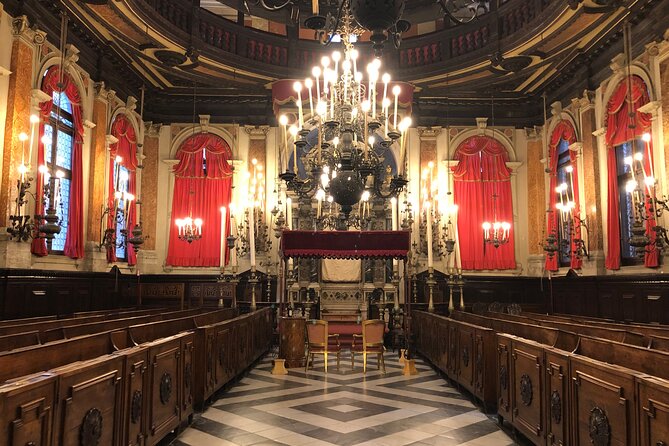 Jewish Ghetto Heritage and Rituals in Venice - Price and value: what you pay and what you still need to budget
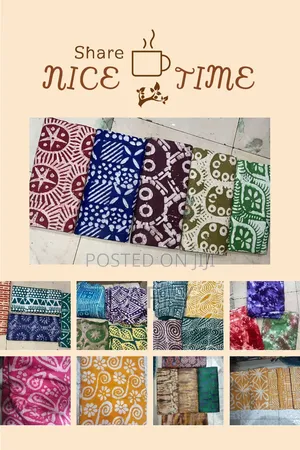 Adire Fabrics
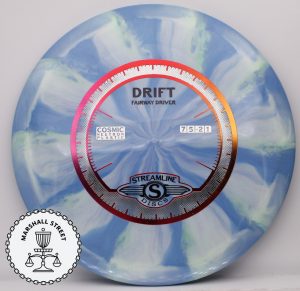 Cosmic Neutron Drift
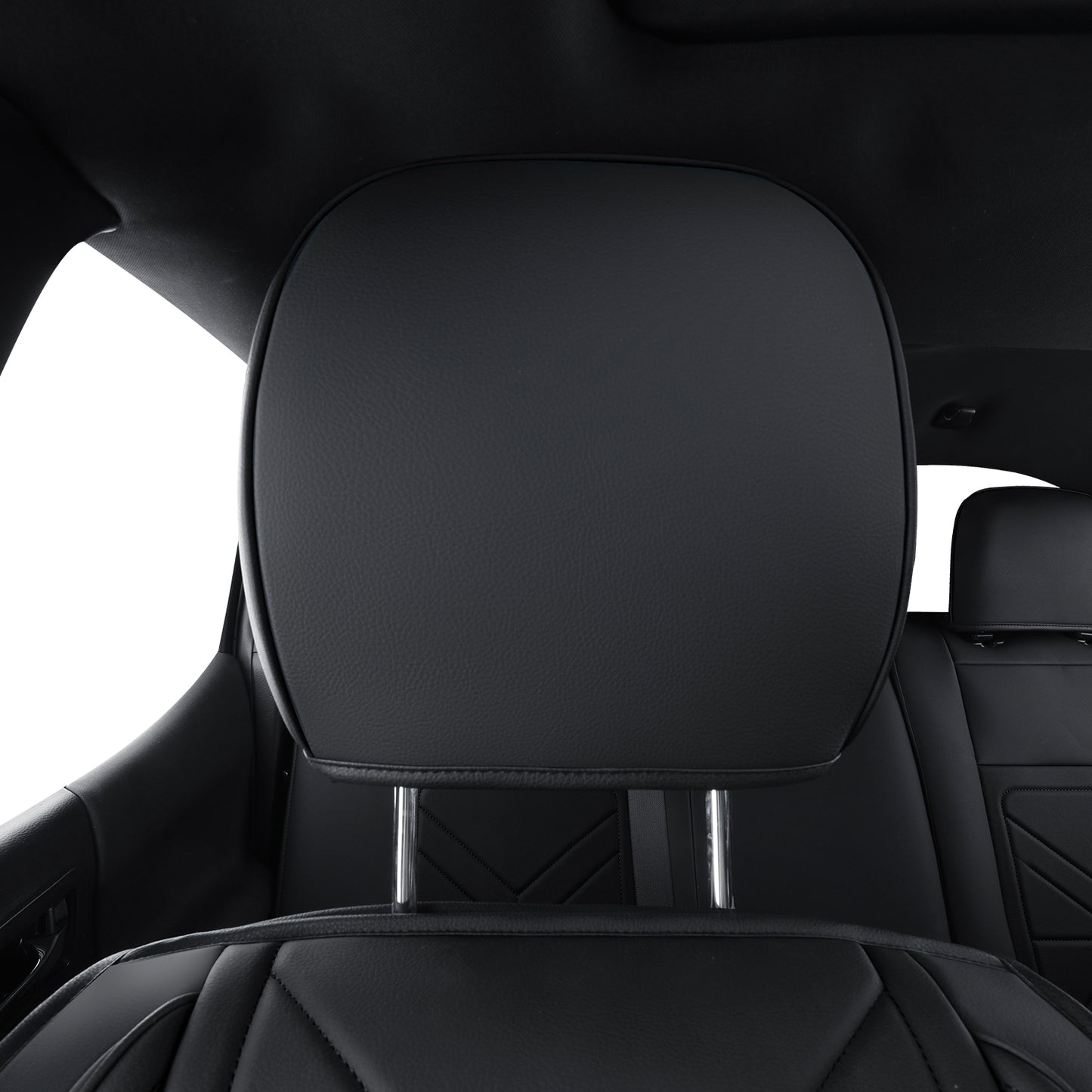 LUCKYMAN CLUB 2005-2023 Tacoma Seat Covers Custom Double Cab,Waterproof leather seat cover, all seasons including trims like SR, SR5, Limited, TRD Off Road, TRD Pro, TRD Sport, etc. comfortable and breathable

───

Requirement — Starting with the line that contains "Cosmic Neutron Drift", repeat each line exactly through the last line of the data above, and nothing more; the pictures stay out.

Answer to the exercise —
 Cosmic Neutron Drift
 LUCKYMAN CLUB 2005-2023 Tacoma Seat Covers Custom Double Cab,Waterproof leather seat cover, all seasons including trims like SR, SR5, Limited, TRD Off Road, TRD Pro, TRD Sport, etc. comfortable and breathable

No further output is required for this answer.